The second execution assembly 60 includes a second rotation member 61 and a second output member 62. The second rotation member 61 is configured for connecting to the main shaft 13. The second rotation member 61 may be driven by the main shaft 13 to rotate about the first axis 101 when the second rotation member 61 is connected to the main shaft 13, and the second rotation member 61 is a rotation shaft. The second output member 62 includes a second driving portion 621 for connecting to the second accessory 60a, and the second driving portion 621 may drive the second accessory 60a to rotate. The second output member 62 is rotatably connected to the second rotation member 61, and the second output member 62 is rotatable about a third axis 103 relative to the second rotation member 61. A distance L1 between the third axis 103 and the first axis 101 is greater than or equal to 1 mm, and less than or equal to 12 mm. The second driving portion 621 is a hole or a post centered on the third axis 103. In the present example, since the second output member 62 is connected to the second rotation member 61, the second output member 62 simultaneously drives the second accessory 60a to revolve around the first axis 101 when the second rotation member 61 is rotated about the first axis 101. When the polishing machine 100 is turned on to perform the work on the workpiece, the second output member 62 drives the second accessory 60a to revolve around the first axis 101 under the driving of the second rotation member 61; at the same time, since the second accessory 60a is in contact with the workpiece, the workpiece generates a friction force on the second accessory 60a, and the friction force drives a whole formed by the second accessory 60a and the second output member 62 to rotate about the third axis 103 relative to the second rotation member 61. That is to say, when the main engine 10a is installed with the second execution assembly, the second accessory 60a rotates about the third axis 103 while revolving around the first axis 101. In the present example, the second rotation member 61 is further connected with a second counterweight 63, so as to improve the balance of the polishing machine 100 when the second execution assembly 60 is installed.

The third execution assembly 70 includes a third rotation member 71 and a third output member 72 which are configured for connecting to the main shaft 13. The third rotation member 71 is configured for connecting to the main shaft 13. The third rotation member 71 may be driven by the main shaft 13 to rotate about the first axis 101 when the third rotation member 71 is connected to the main shaft 13, and the third rotation member 71 is a rotation shaft.

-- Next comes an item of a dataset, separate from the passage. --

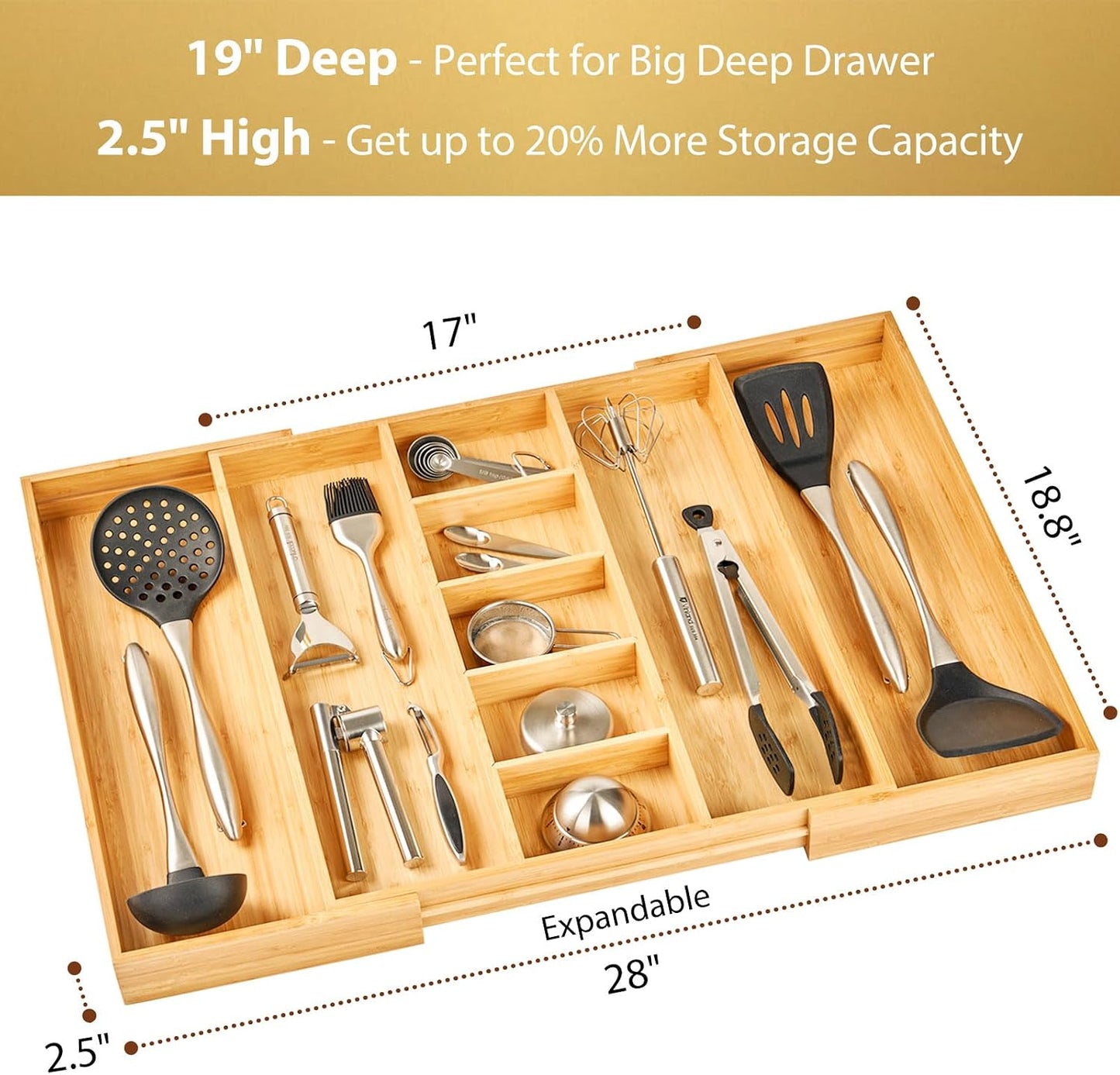 Large Expandable Kitchen Silverware Utensils Drawer Organizer, 2.5" Extra High Adjustable Drawer Divider with Curved Grooves, Bamboo Wood Cutlery Tray Flatware Holder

The third output member 72 includes a third driving portion 721 for connecting to the third accessory 70a, and the third driving portion 721 may drive the third accessory 70a to rotate. The third output member 72 is rotatably connected to the third rotation member 71, and the third output member 72 is rotatable about a fourth axis 104 relative to the third rotation member 71. A distance L2 between the fourth axis 104 and the first axis 101 is greater than or equal to 1 mm, and less than or equal to 3 mm. The third portion 721 is a hole or a post centered on the fourth axis 104. In the present example, since the third output member 72 is connected to the third rotation member 71, the third output member 72 simultaneously drives the third accessory 70a to revolve around the first axis 101 when the third rotation member 71 is rotated about the first axis 101. When the polishing machine 100 is turned on to perform the work on the workpiece, the third output member 72 drives the third accessory 70a to revolve around the first axis 101 under the driving of the third rotation member 71; at the same time, since the third accessory 70a is in contact with the workpiece, the workpiece generates a friction force on the third accessory 70a, and the friction force drives a whole formed by the third accessory 70a and the third output member 72 to rotate about the fourth axis 104 relative to the third rotation member 71. That is to say, when the main engine 10a is installed with the third execution assembly, the third accessory 70a rotates about the fourth axis 104 while revolving around the first axis 101. In the present example, the third rotation member 71 is further connected with a third counterweight 73, so as to improve the balance of the polishing machine 100 when the third execution assembly 70 is installed.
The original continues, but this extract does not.